3. Die danach erforderliche Gesamtwürdigung hat insbesondere Anlass, Art und Höhe des Vorteils, Auswahl der Begünstigten, freie oder nur gebundene Verfügbarkeit, Freiwilligkeit oder Zwang zur Annahme des Vorteils und seine besondere Geeignetheit für den jeweils verfolgten betrieblichen Zweck zu berücksichtigen (ständige Rechtsprechung des BFH; vgl. auch Urteil vom 18.8.2005, VI R 32/03,BFH-PR 2005, 453).
4. Ausgehend von diesen allgemein anerkannten Grundsätzen, erwies sich im Streitfall die Überlassung der – unter einem Markennamen bekannten – hochwertigen (exklusiven) Kleidungsstücke als Arbeitslohn.

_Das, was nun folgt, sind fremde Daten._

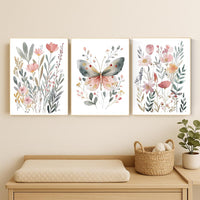 Watercolor Butterfly Floral Print: Pastel Nursery Wall Art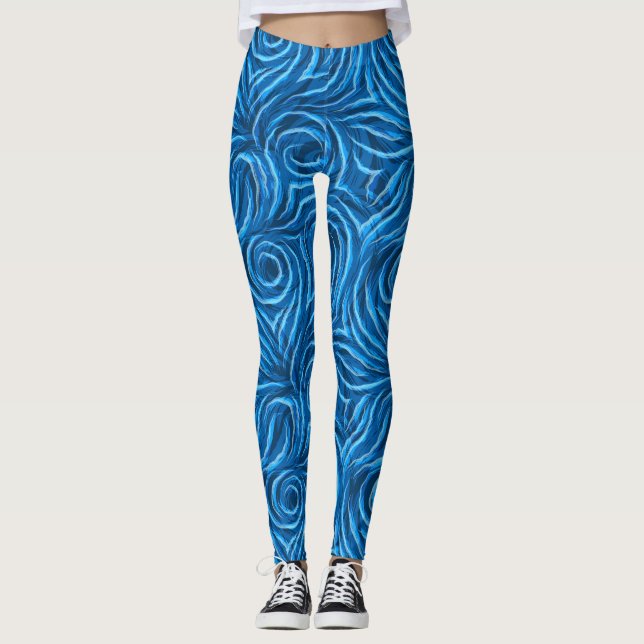 Pattern of spirals and smooth wavy lines leggings (Front)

Der BFH vertrat insbesondere die Auffassung, dass der Entlohnungscharakter insbesondere nicht deshalb verneint werden könne, weil mit dem Tragen der Kleidung ggf. eine Werbewirkung verbunden sei und dadurch auch die Glaubwürdigkeit der eigenen Marke gewährleistet werden solle. Im Rahmen der Gesamtwürdigung trete dieser Umstand gegenüber den für die Entlohnung sprechenden Umständen (kostenloser oder verbilligter Erwerb einer hochwertigen, teueren Kleidung einer "Edelmarke") in den Hintergrund. Es sei im Streitfall – entgegen der Auffassung der Vorinstanz – von erheblichem Gewicht, dass sich der zugewandte Vorteil als ausnehmend hoch erweise.

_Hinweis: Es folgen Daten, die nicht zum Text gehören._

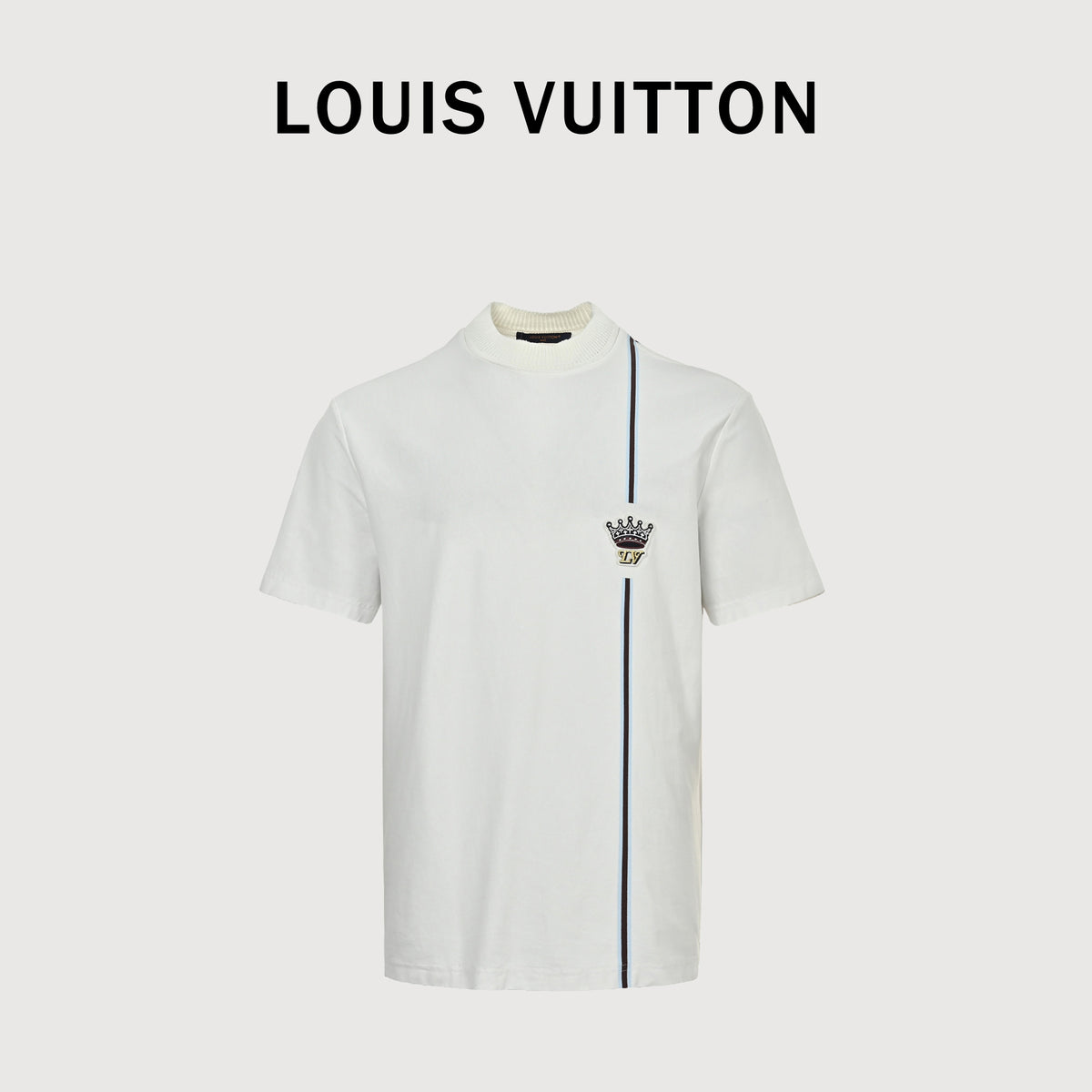 Louis Vuitton LV Crown Blue Stripe Short-Sleeve T-Shirt 2026 NP2600402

5. Die Frage einer Aufteilung des geldwerten Vorteils (vgl. hierzu BFH, Urteile in ; vom 16.11.2005, VI R 118/01 BFH-PR 2005, 453, BFH/PR 2006, 183) hat der VI. Senat weder erwogen noch erwähnt. Es lagen im Streitfall keinerlei Anhaltspunkte dafür vor, dass der einschlägige geldwerte Vorteil überhaupt hätte aufgeteilt werden können. Im Streitfall drängte sich eher der Eindruck auf, dass es der Klägerseite nur darum gegangen war, die Geschäftsführer samt Ehefrauen auf Kosten der Klägerin (Arbeitgeber) einzukleiden.
6. Die Gesamtwürdigung dürfte anders ausfallen, wenn ein Arbeitgeber seinem im Lebensmitteleinzelhandel beschäftigten Verkaufspersonal einheitliche Kleidungsstücke, die diese während der Arbeit zu tragen haben, zur Verfügung stellt. Hierüber wird der BFH in den Verfahren VI R 21/05 und VI R 22/05 zu entscheiden haben.